There is a lot of craziness in there, so lets break it down first some standard stuff shut off selinux, setup sudoers to allow no passwd for memnbers of admin (there is only one in this case):


%pre

%post --log=/root/install-post.log
(

echo "SELINUX=disabled" > /etc/selinux/config
PATH=/bin:/sbin:/usr/bin:/usr/sbin
export PATH   
echo "%sudo   ALL=NOPASSWD:ALL" > /etc/sudoers.d/admin
/bin/chmod 0400 /etc/sudoers.d/admin

None of that is too nuts, the fun starts when kickstart pulls stuff off of the provisioning server to complete the configuration. It goes into /var/tmp and pulls down the aforementioned network setup script and a tarball of key configuration files. Then it:

  • Moves keyfiles into position first
  • Sets exec then executes the network config script
  • Unpacks the admin accounts files (this is for SSH keys)
  • Makes the admin account operate off of /, this is on purpose because home is NFS mounted
d /var/tmp
# The provision script is responsible for staging these on the fly
/usr/bin/wget http://10.2.0.165/post/mknet
/usr/bin/wget http://10.2.0.165/files/allfiles.tgz
tar xzvf allfiles.tgz
cd etc/
mv -f passwd /etc
mv -f group /etc
mv -f shadow /etc
mv -f gshadow /etc
mv -f hosts /etc/hosts
mv -f ssh/sshd_config /etc/ssh
chmod +x mknet
./mknet
cd /var/tmp 
tar xzf sadmin.tgz
mv -f sadmin /
cd /
chown -R sadmin:sadmin sadmin/
usermod -d /sadmin sadmin
rm -rfv /home/sadmin

That seems like a lot but it works rather well.
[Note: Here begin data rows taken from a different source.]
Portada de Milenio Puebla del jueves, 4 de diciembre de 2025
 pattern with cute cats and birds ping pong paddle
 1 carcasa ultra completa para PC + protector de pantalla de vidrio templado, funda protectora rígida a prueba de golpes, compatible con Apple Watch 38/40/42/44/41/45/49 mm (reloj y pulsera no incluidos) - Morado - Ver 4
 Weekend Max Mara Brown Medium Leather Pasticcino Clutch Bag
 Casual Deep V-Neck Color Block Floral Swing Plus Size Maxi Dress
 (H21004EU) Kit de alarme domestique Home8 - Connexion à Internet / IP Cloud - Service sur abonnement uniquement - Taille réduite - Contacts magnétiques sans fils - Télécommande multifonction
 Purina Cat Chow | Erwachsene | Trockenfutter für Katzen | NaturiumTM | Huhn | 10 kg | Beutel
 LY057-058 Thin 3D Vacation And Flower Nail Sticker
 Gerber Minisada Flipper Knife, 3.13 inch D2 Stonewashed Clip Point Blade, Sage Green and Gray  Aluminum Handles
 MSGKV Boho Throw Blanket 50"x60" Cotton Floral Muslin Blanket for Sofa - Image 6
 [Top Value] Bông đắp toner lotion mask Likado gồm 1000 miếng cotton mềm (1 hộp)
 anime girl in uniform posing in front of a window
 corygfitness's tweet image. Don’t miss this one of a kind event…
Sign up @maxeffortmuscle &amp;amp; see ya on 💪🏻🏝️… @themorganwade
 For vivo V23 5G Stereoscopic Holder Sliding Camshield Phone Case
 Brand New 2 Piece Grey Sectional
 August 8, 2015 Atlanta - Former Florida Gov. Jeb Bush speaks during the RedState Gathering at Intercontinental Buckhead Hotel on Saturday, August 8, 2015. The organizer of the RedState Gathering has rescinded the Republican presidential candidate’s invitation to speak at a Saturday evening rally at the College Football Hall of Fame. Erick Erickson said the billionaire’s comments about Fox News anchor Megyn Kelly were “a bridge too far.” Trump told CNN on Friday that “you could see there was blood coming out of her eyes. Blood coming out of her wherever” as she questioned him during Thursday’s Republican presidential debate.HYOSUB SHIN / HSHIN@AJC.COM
I was able to easily deploy nodes using that as long as I made sure the hosts file was up to date. The last step is NFS:

echo "10.2.0.6:/home /home  nfs    defaults    0 0" >>   /etc/fstab`
mount /home
) 2>&1 >/root/install-post.log

Which is why the nfs-common package was included.

Summary

With a lot of time and patience a really good, single point kickstart network isntall can be used to simplify life. This setup negated my having to go out and find a provisioning system. There is however one command I had to run afterwards: a host keyscan of the node for the submit hosts. Perhaps at some point I will write up the wrapper script I wrote that stands all of this up temporarily.